Task objective
Only the pictures are to be dropped; the rest of the data below is to be duplicated exactly.

BEGIN Provided records

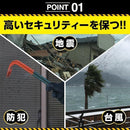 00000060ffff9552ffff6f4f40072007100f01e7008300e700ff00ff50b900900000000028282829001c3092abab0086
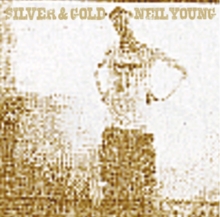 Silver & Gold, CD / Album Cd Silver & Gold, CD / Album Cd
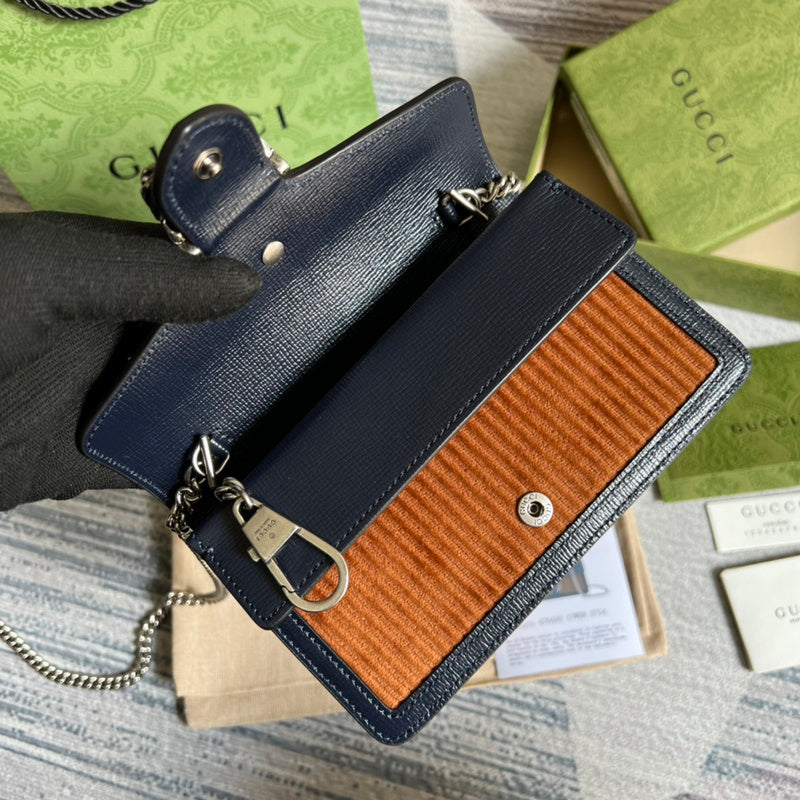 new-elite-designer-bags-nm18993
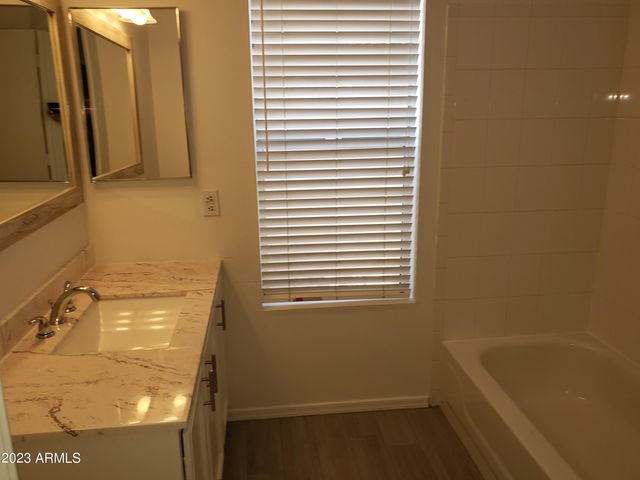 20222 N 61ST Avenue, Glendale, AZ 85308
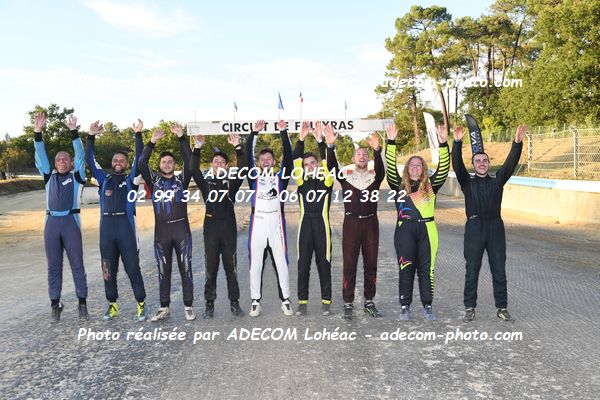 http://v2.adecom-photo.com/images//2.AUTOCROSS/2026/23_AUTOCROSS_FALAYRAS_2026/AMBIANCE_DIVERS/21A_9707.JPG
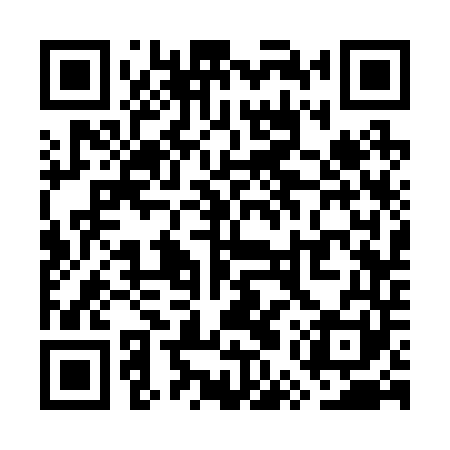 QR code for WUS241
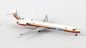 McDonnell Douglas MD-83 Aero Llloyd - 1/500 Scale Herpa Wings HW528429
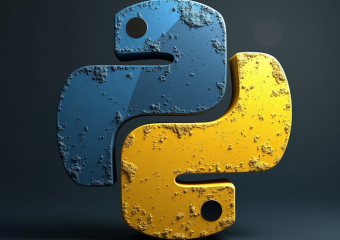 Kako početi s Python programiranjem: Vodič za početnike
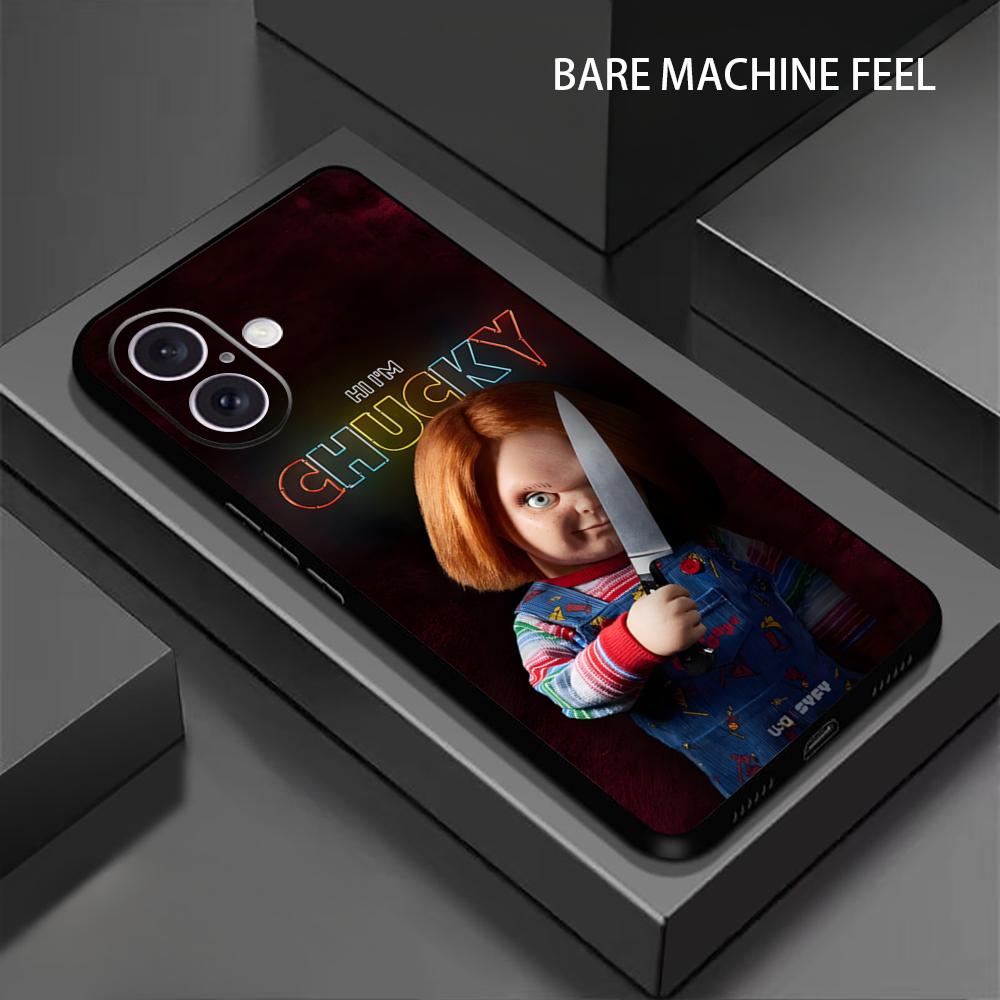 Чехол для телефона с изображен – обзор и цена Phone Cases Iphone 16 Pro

END Provided records

Reply to the exercise
 00000060ffff9552ffff6f4f40072007100f01e7008300e700ff00ff50b900900000000028282829001c3092abab0086
 Silver & Gold, CD / Album Cd Silver & Gold, CD / Album Cd
 new-elite-designer-bags-nm18993
 20222 N 61ST Avenue, Glendale, AZ 85308
 http://v2.adecom-photo.com/images//2.AUTOCROSS/2026/23_AUTOCROSS_FALAYRAS_2026/AMBIANCE_DIVERS/21A_9707.JPG
 QR code for WUS241
 McDonnell Douglas MD-83 Aero Llloyd - 1/500 Scale Herpa Wings HW528429
 Kako početi s Python programiranjem: Vodič za početnike
 Чехол для телефона с изображен – обзор и цена Phone Cases Iphone 16 Pro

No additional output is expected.